Namouna se déroule dans trois décors. Le premier acte, dit le programme, se passe dans un « Casino à Corfou ». Il paraît qu’il y avait des casinos à Corfou sous Louis XIII. Mais on n’y joue ni à la roulette ni aux petits chevaux, on y joue aux dés. On y perd tout de même tout ce que l’on veut. Le forban Adriani perd aux dés ses trésors, sa tartane et son esclave Namouna. Dans les tableaux suivants, il perdra même à être connu !

Le second décor représente une belle place ombragée, toujours à Corfou. C’est jour de fête ; on aperçoit des baraques de forains et des tréteaux de marchands d’onguents et autres arracheurs de dents. Le méchant Adriani cherche querelle à Ottavio, dont les bottes ne sont malheureusement pas secrètes, car il ne les quitte pas de la soirée. Heureusement, l’incomparable Zambelli, qui sait mieux que personne ce que c’est que des pointes, s’interpose avec une courageuse insistance entre les épées et rend le duel impossible. Quel joli témoin à donner à un enfant !
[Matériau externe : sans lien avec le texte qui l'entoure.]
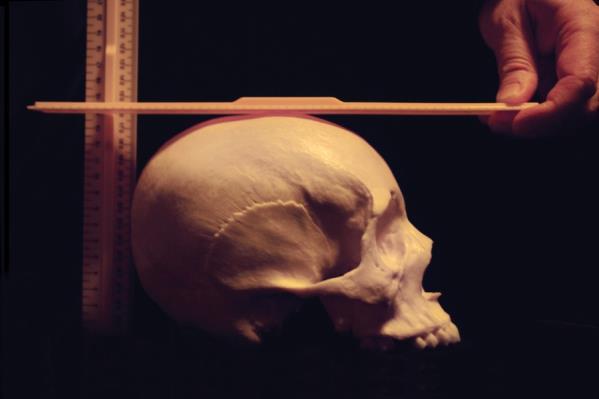 ength of the braincase: Position three rulers as shown on the left side of the photograph below. Ruler 1 should stand perpendicular to the table, and rest at the back of the skull.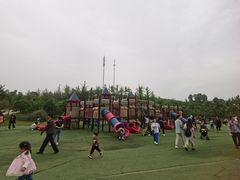 -秀丽东方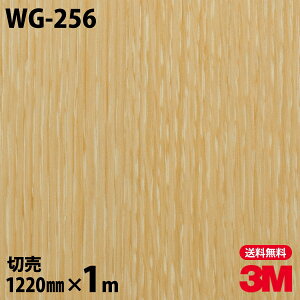 _CmbNV[g 3M _CmbNtB WG-256 EbhOC ؖڒ 1220mm×1mP ① WG256 DINOC DI-NOC JbeBOV[g SV[g ̂tǎ CNV[g V[g σtB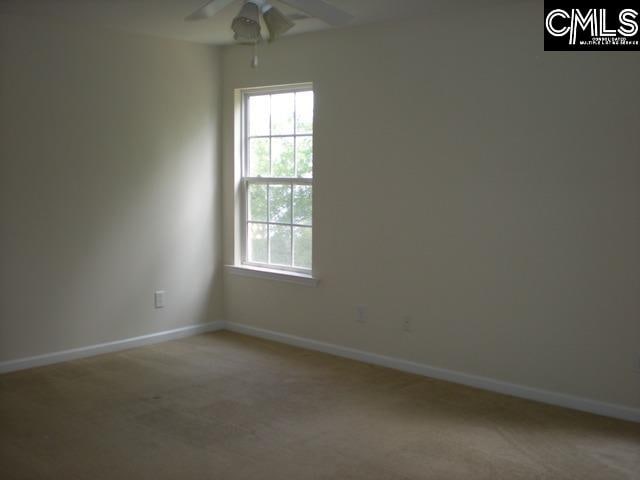 unfurnished room with a wealth of natural light, carpet flooring, and ceiling fan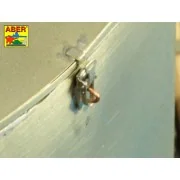 Pz.Kpfw.VIAusf.E(Sd.Kfz.181)Tiger I-s.PzAbt.501 in Tunisia - Aber M...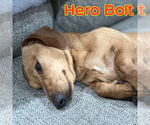 Small #3 Dachshund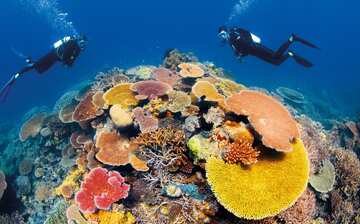 グレート バリア リーフ ウェンジェッティ エクスペディア グレート バリア リーフ ウェンジェッティ エクスペディア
Ici nous avons entendu des musiciens grimpés sur un char, jouer sur leurs cuivres un air très raisonnablement bruyant. Or il paraît qu’à la première, en 1882, ce morceau fit scandale ! On cria à l’infernal tapage, à l’assourdissante cacophonie ! Eh bien ! nos oreilles en ont fait du chemin depuis ce temps-là ! C’est en leur faisant prendre non pas du fer mais du cuivre pendant vingt-six ans que l’on a fortifié leur constitution.
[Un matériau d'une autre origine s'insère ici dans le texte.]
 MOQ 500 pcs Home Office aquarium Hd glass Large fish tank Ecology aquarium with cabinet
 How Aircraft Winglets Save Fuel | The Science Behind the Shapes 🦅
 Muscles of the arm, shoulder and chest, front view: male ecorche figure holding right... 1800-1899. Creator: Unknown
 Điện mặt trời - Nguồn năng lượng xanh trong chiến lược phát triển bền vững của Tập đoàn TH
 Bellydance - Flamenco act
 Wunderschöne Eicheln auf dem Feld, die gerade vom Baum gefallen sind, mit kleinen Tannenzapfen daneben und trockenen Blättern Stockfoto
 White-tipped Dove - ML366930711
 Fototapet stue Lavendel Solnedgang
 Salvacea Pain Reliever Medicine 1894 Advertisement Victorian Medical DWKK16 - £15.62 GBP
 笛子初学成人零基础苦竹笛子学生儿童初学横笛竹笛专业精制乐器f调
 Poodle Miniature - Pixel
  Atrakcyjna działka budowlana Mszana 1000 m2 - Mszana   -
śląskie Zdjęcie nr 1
Le dernier décor représente une île de la mer Ionienne où le bonhomme Ali a établi son dépôt de jolies esclaves. Hélas ! où sont les îles ioniennes d’antan ? Zambelli-Namouna vient acheter en bloc ses anciennes compagnes, Andrikès fait au méchant Adriani le « coup du père François » et les amants s’éloignent à toute vapeur sur leur bateau à voile.

Ces trois décors sont beaux, les costumes jolis et frais, et l’on sent qu’un œil de peintre a passé par là.

L’œil de peintre, c’est celui de M. Pierre Lagarde, « directeur artistique ». M. Pierre Lagarde, pendant la représentation, se tenait dans la loge du rez-de-chaussée sur la scène, côté cour, tandis que MM. Messager et Broussan occupaient la première loge de face.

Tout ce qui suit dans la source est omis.